- _What the task asks_: Nothing but the lines from the one containing "143 Cedarwood Lane SW" through the end of the data should be retyped, exactly as they stand, and pictures should not be retyped.

- _Records supplied_:
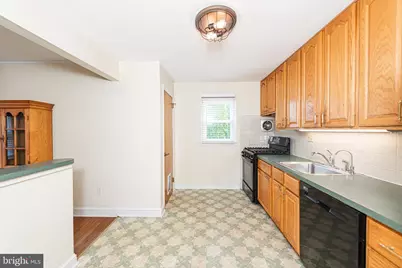 743 Penn Avenue, Glenside, PA 19038 - Photo 8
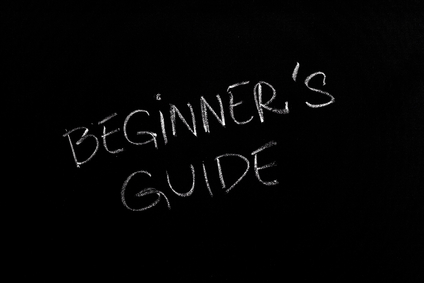 beginners guide
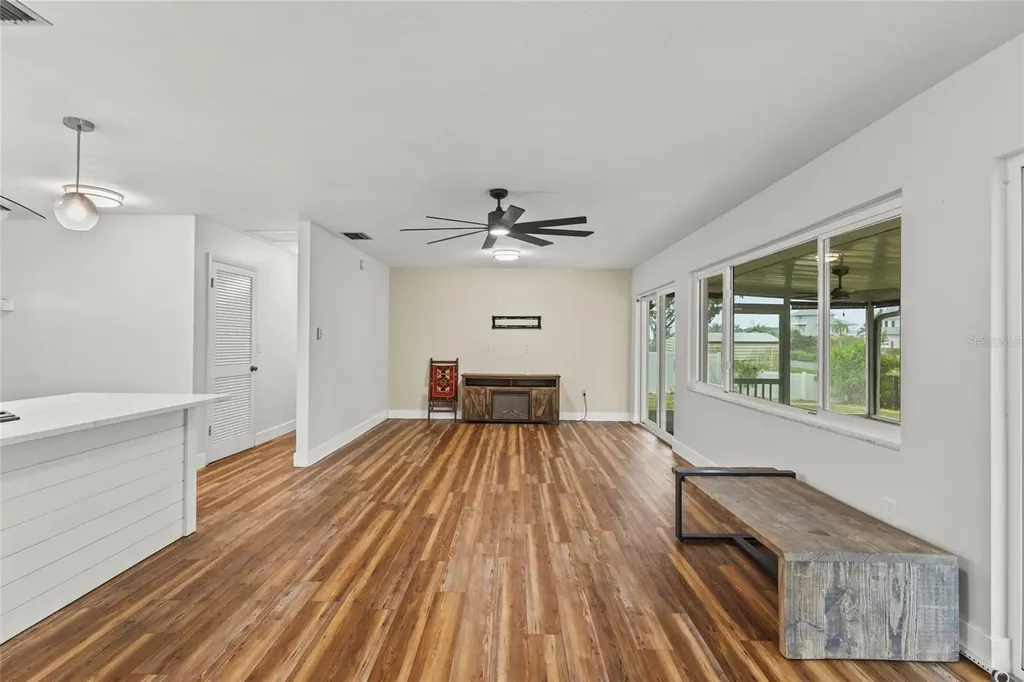 611 Leona Avenue Ellenton FL 34222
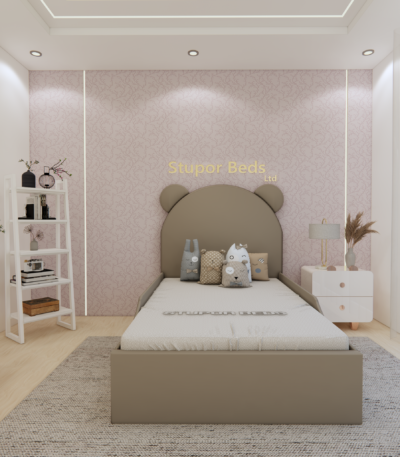 Buy Kids Bed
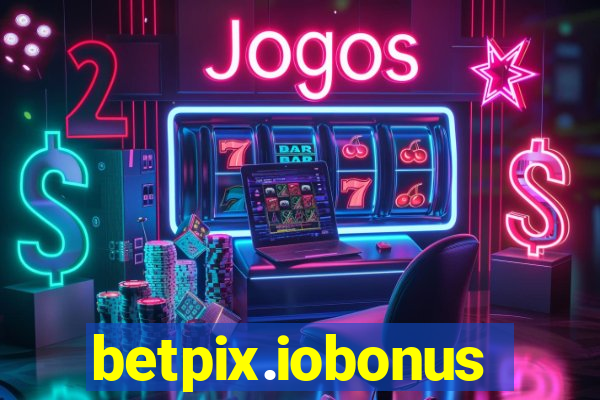 betpix.iobonus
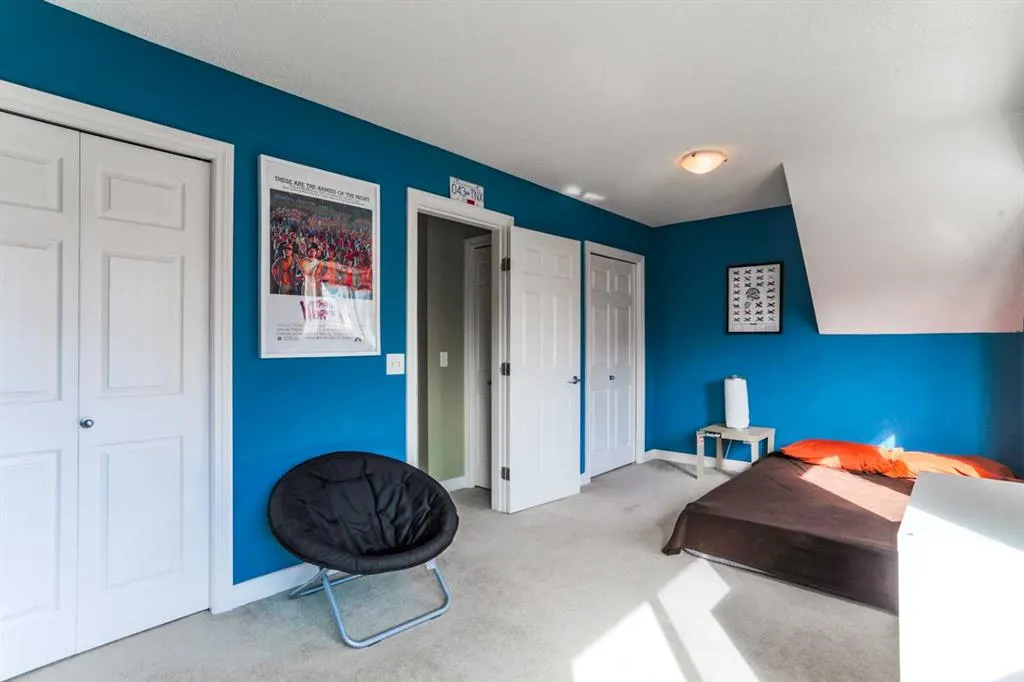 143 Cedarwood Lane SW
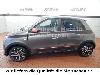 Renault Twingo ENERGY TCe 90 Intens * Sport Paket *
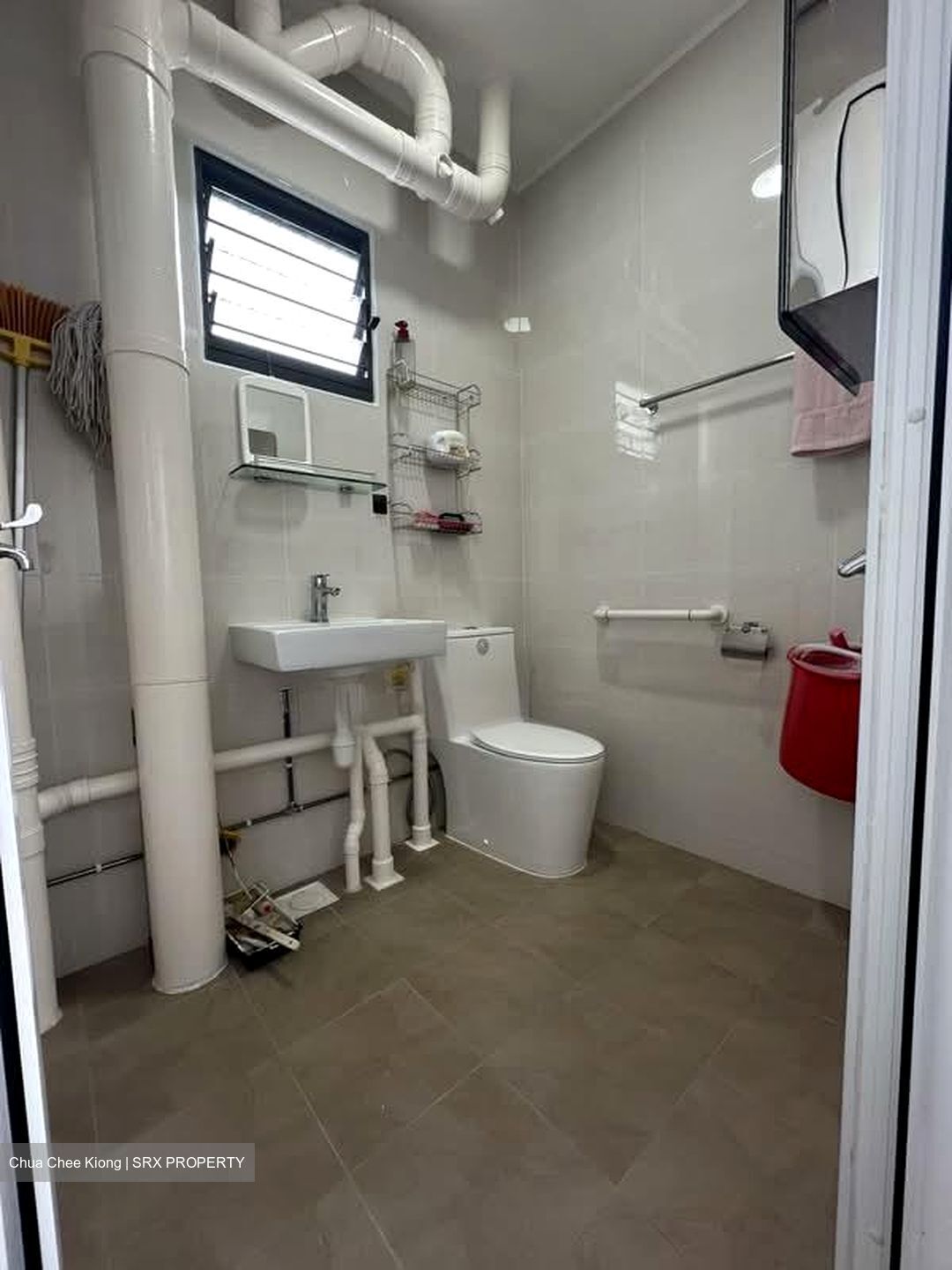 Blk 353 Yishun Jasmine (Yishun), HDB 3 Rooms #589348151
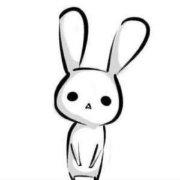 张育华_的个人资料头像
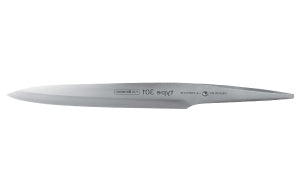 P38 - 9 3/4 inch Sashimi Knife Type 301 Designed by F.A. Porsche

- _Result below_:
 143 Cedarwood Lane SW
 Renault Twingo ENERGY TCe 90 Intens * Sport Paket *
 Blk 353 Yishun Jasmine (Yishun), HDB 3 Rooms #589348151
 张育华_的个人资料头像
 P38 - 9 3/4 inch Sashimi Knife Type 301 Designed by F.A. Porsche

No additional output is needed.